Brooking, the FA's director of football development, will work closely with the Italian in a bid to boost the skills of homegrown coaches in the coming years and the 61-year-old is hopeful that will lead to an end to imported bosses.

Capello is the second foreign-born coach employed by the FA, after Sven-Goran Eriksson.

Eriksson's departure in 2006 led to the appointment of Steve McClaren, who had worked as the Swede's assistant alongside his day job as Middlesbrough boss, but he was sacked after failing to qualify for Euro 2008.

Despite that, Brooking is still eager to recruit and groom English coaches in the future.

"I think longer term, after Fabio, we'd like to go English," the FA's director of football development told BBC Radio 5 live.

"We want to create a spell where we appoint English coaches and Fabio can help us enormously to bridge that gap and help that transition.

"We've got a short-term priority of the qualifying games but over the next couple of years the National Football Centre will hopefully be built, and that's going to be the hub site for the future development of English coaches."

Brooking, who was a key member of the FA group that opted to retain the services of Capello when his future was in doubt, said the former AC Milan and Real Madrid coach was as disappointed as everyone else after England's 4-1 humbling at the hands of Germany in the second round of the World Cup.

"We were all stunned at how poor we were," said Brooking.
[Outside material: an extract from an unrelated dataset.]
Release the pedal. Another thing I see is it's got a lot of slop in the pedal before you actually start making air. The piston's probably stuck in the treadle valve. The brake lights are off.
"We reflected on it, as he did. From a pride point of view he was hugely disappointed - but he wanted to try to do better and help rebuild."
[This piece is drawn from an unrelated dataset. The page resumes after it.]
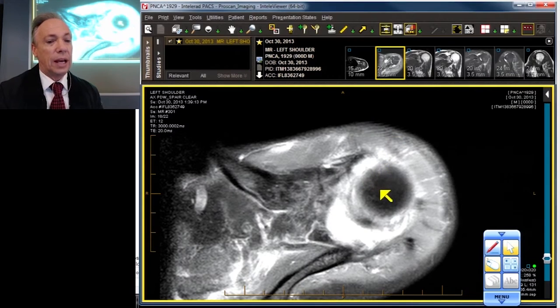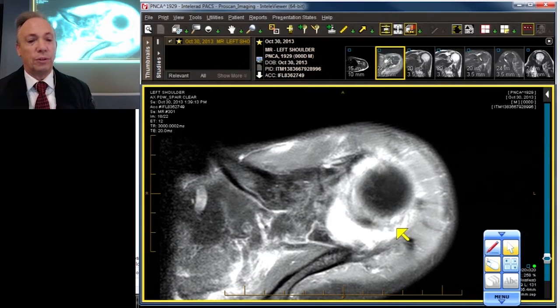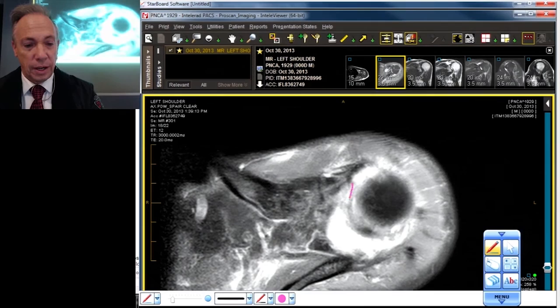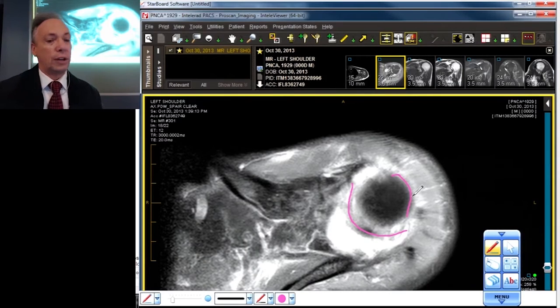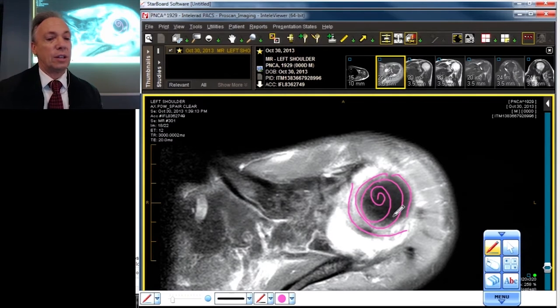We start up high in the axial projection and we see a giant curvilinear crescent right here. It's so beautiful I've got to put some colors on it. All of those structures should be over here peripherally on the humeral head. This is a giant hole right here. Of course everybody forgets to look at the poor axial projection.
Despite talking positively about the key results from the post-World Cup review process, Brooking also suggested the current economic climate would not make things easy to improve in the immediate future.

"It's important to have someone experienced in now for the next couple of years because the next two, four, six years are going to be a challenge for whoever's managing the team.

"The review, I'm hoping, is to look at budgets because the shame is that we're doing this at a time which is tough for the FA from an economic point of view.

"I accept that the financial environment is tough, but there's no doubt that Spain, Germany and Holland - who were the three European semi-finalists at the World Cup - invested in coaching and player development as a priority in the last decade, and they are probably reaping the benefits now."